Department of Neurology, Samsung Medical Center, Sungkyunkwan University School of Medicine, 50 Ilwon-dong Gangnam-Gu, Seoul 135-710, Korea.
BMC Med Genet. 2013 Dec 5;14:125. doi: 10.1186/1471-2350-14-125.
Charcot-Marie-Tooth disease (CMT) is a heterogeneous disorder of the peripheral nervous system. So far, mutations in hydroxyacyl-CoA dehydrogenase/3-ketoacyl-CoA thiolase/enoyl-CoA hydratase (trifunctional protein), beta subunit (HADHB) gene exhibit three distinctive phenotypes: severe neonatal presentation with cardiomyopathy, hepatic form with recurrent hypoketotic hypoglycemia, and later-onset axonal sensory neuropathy with episodic myoglobinuria.
To identify the causative and characterize clinical features of a Korean family with motor and sensory neuropathies, whole exome study (WES), histopathologic study of distal sural nerve, and lower limb MRIs were performed.
WES revealed that a compound heterozygous mutation in HADHB is the causative of the present patients. The patients exhibited an early-onset axonal sensorimotor neuropathy without episodic myoglobinuria, and showed typical clinical and electrophysiological features of CMT including predominant distal muscle weakness and atrophy.

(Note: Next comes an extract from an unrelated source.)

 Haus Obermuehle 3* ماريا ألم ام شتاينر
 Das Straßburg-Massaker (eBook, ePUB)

Histopathologic findings of sural nerve were compatible with an axonal CMT neuropathy. Furthermore, they didn't exhibit any other symptoms of the previously reported HADHB patients.

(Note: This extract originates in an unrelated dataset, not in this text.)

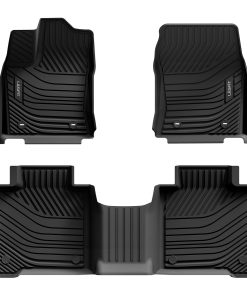 Fit for 2022-2026 Toyota Tundra Custom Floor Mats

These data implicate that mutation in HADHB gene can also cause early-onset axonal CMT instead of typical manifestations in mitochondrial trifunctional protein (MTP) deficiency. Therefore, this study is the first report of a new subtype of autosomal recessive axonal CMT by a compound heterozygous mutation in HADHB, and will expand the clinical and genetic spectrum of HADHB.
Charcot-Marie-Tooth 病(CMT)是一种周围神经系统的异质性疾病。到目前为止,羟酰基辅酶 A 脱氢酶/3-酮酰基辅酶 A 硫解酶/烯酰基辅酶 A 水合酶(三功能蛋白)β亚基(HADHB)基因的突变表现出三种不同的表型:伴有心肌病的严重新生儿期表现、伴有复发性低酮性低血糖的肝型和迟发性轴索性感觉神经病伴阵发性肌红蛋白尿。
为了确定一个有运动和感觉神经病的韩国家族的致病原因并描述其临床特征,进行了全外显子组研究(WES)、远端腓肠神经组织病理学研究和下肢 MRI。
WES 显示 HADHB 的复合杂合突变是本患者的致病原因。患者表现为早发性轴索性感觉运动神经病,无阵发性肌红蛋白尿,表现为 CMT 的典型临床和电生理特征,包括主要的远端肌肉无力和萎缩。腓肠神经的组织病理学发现与轴索性 CMT 神经病相符。此外,他们没有表现出先前报道的 HADHB 患者的任何其他症状。
这些数据表明 HADHB 基因突变也可引起早发性轴索性 CMT,而不是线粒体三功能蛋白(MTP)缺乏症的典型表现。因此,本研究首次报道了由 HADHB 复合杂合突变引起的新的常染色体隐性轴索性 CMT 亚型,并将扩展 HADHB 的临床和遗传谱。